Terrus chuckled and slapped his shoulder before pulling his daughter into a gentle hug. “I’m so happy for you, sweetheart. You deserve everything this life has to give, and this boy had better give it to you.”
She clutched at her father’s shoulders and then turned a smile on him. “He will, Father. I’ll make sure of it.”
Terrus laughed outright this time and released her. “Just don’t be surprised if it takes a while for your mother to come around. She might give you the silent treatment until negotiations are finalized. Now, I think it’s about time you two take some private time.”
Terrus followed after his wife, leaving Deo and Cora alone—in front of all the gala’s guests.
“Can your father guarantee we’ll get the silent treatment?” he asked her with a pleading tone.
Cora laughed in spite of herself. “I really shouldn’t encourage you.”
Deo pulled her into his arms, his gaze drinking her in as his body hardened against her. “Hmm, what should you do with me instead?”
Need pulsed through her body, begging to be release somewhere without an audience. “Take me upstairs and you’ll find out.”

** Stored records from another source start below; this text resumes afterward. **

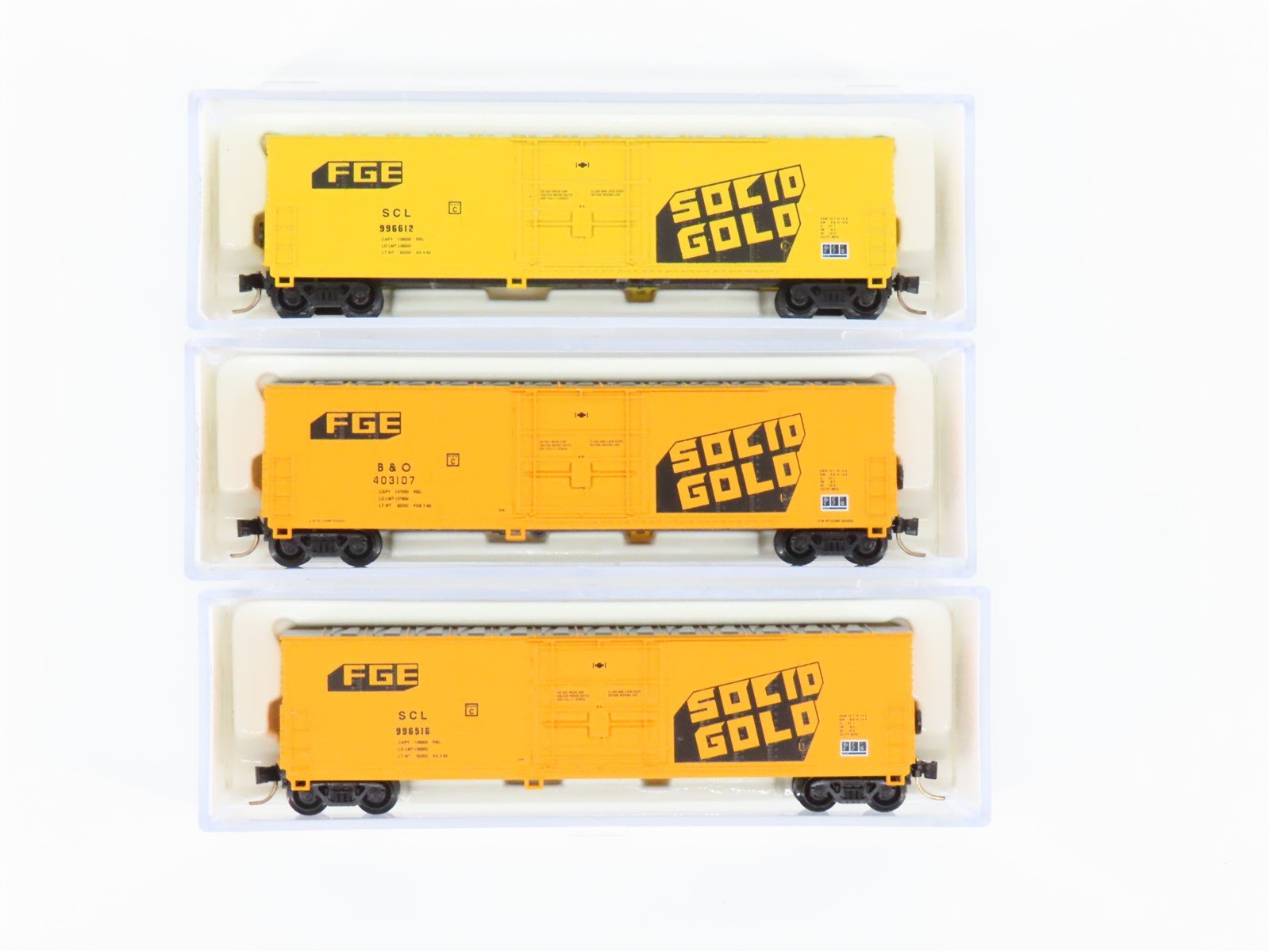 N Atlas 5840 B&O/SCL FGE Fruit Growers Express "Solid Gold" 50' Box Cars 3-Pack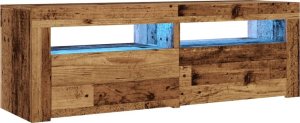 vidaXL Szafka pod TV z oświetleniem LED, stare drewno, 120x35x40 cm 3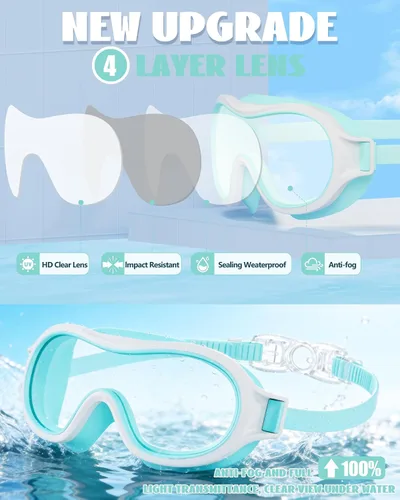 Vista 6 de Aegend Paquete de 2 gafas de natación para niños de 3 a 15 años, antivaho, anti-UV, visión amplia, impermeables, sin fugas, para niños y niñas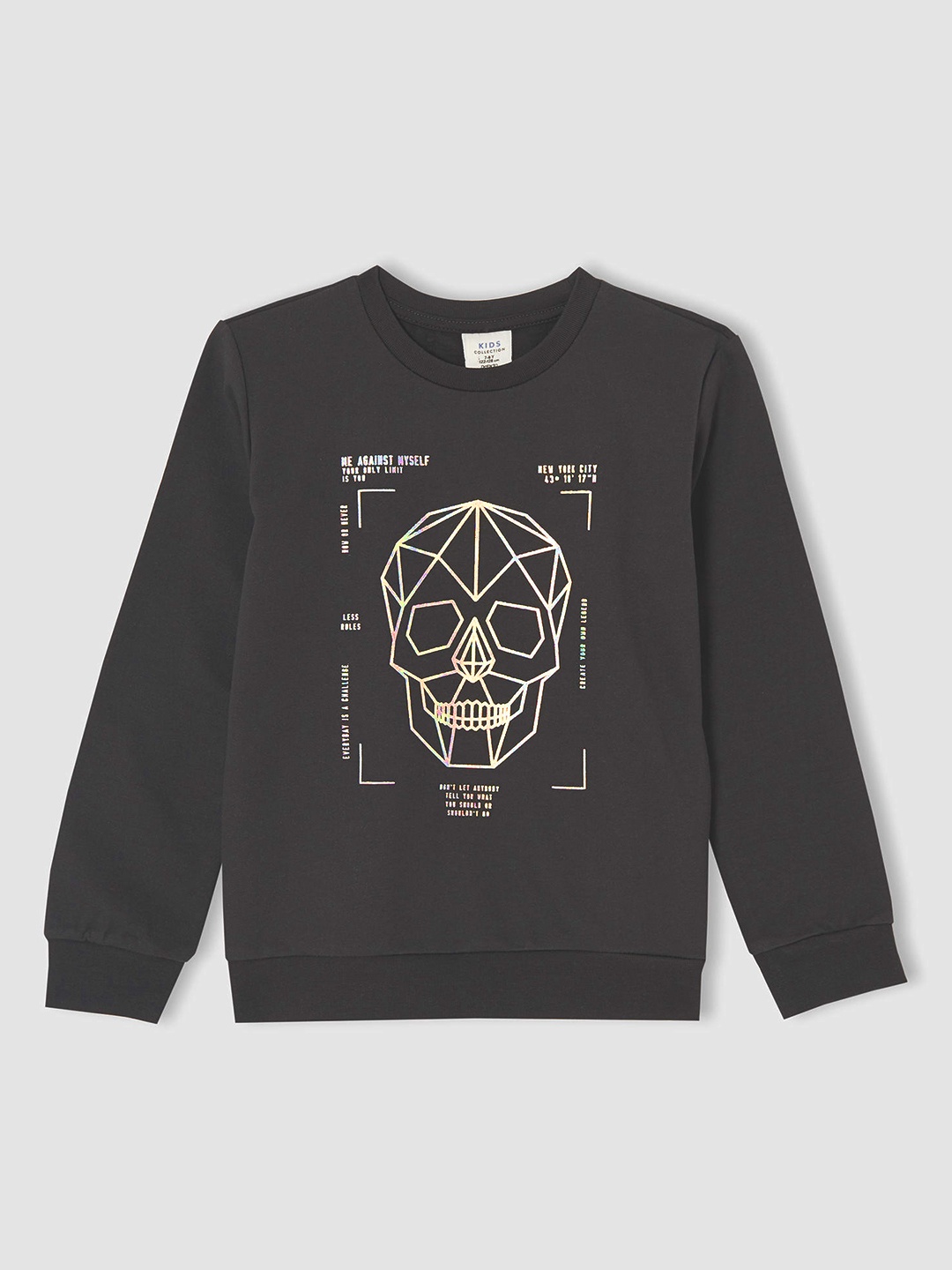 

DeFacto Boys Charcoal Grey & Silver Printed Sweatshirt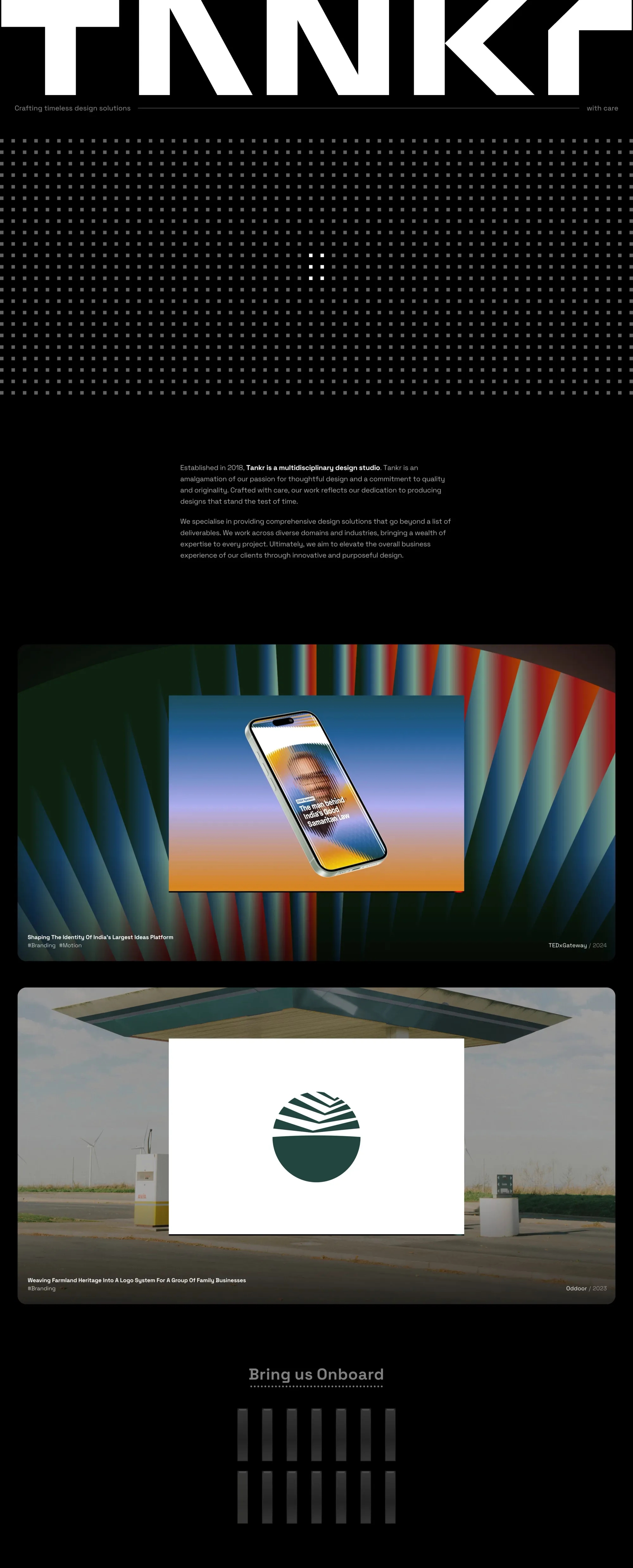 Tankr - Design Studio portfolio page screenshot showcasing Design design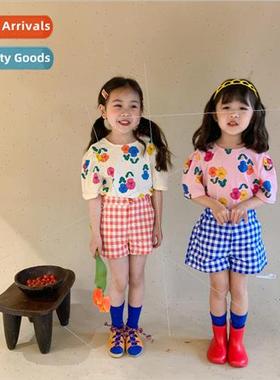 childrens T-shirt 2023 summer new girls Korean  of the flowe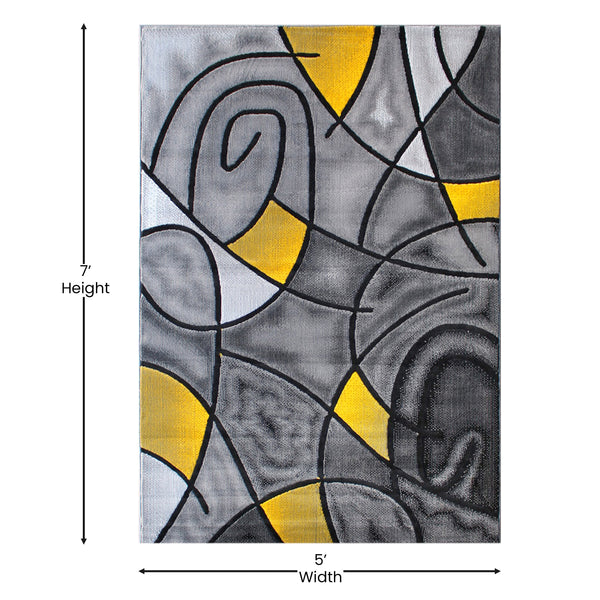 Yellow,5' x 7' |#| Modern Olefin Accent Area Rug - Yellow & Gray Abstract Pattern - 5' x 7'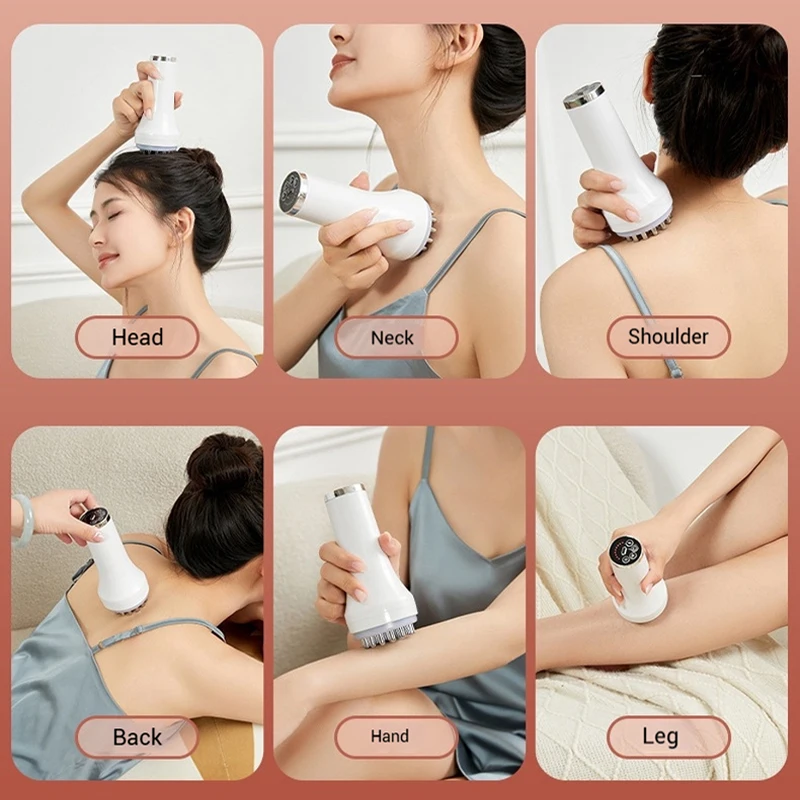 light heating beauty body meridian brush waist and leg massager electric scraping device universal massage brush for the whole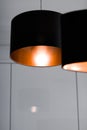 Bronze lamp in a room, elegant modern home decor lighting Royalty Free Stock Photo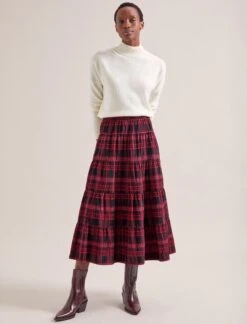 Maria Organic Cotton Seersucker Maxi Skirt - Red Black -The Modern Femme Sales AU24 SK185 MARIA RED BLACK LS 20190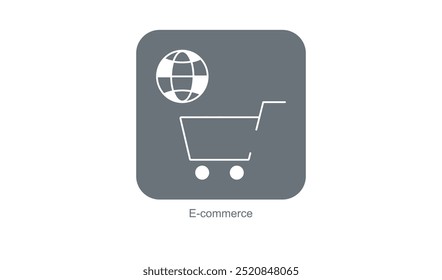 E-Commerce Icon for Mobile Apps Focused on Online Shopping and Transactions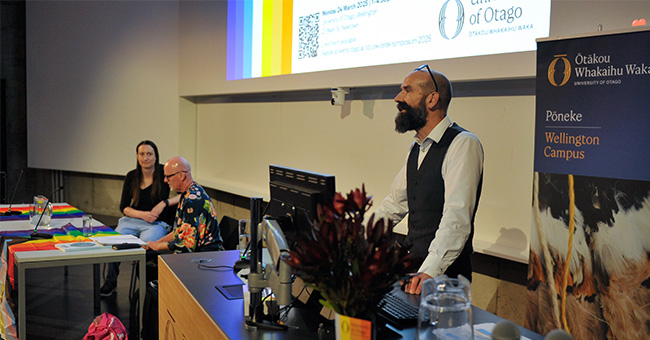 Dean and Head of Campus Professor William Levack opening the Pride Symposium with Dr Jaimie Veale (far left) and Jack Byrne.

Without another word, Deo lifted her into his arms and carried her out of the room.
Chapter Eight
“This isn’t a dream. Is it?” Cora wrapped her arms tightly around Deo’s neck, her eyes locked on his as he made the climb up the stairs. He returned her gaze, smiled, and then leaned in to kiss her forehead. The touch of his lips on her skin was almost too much for her to take. She wanted more and, even though she knew she’d get it all, it was hell to wait.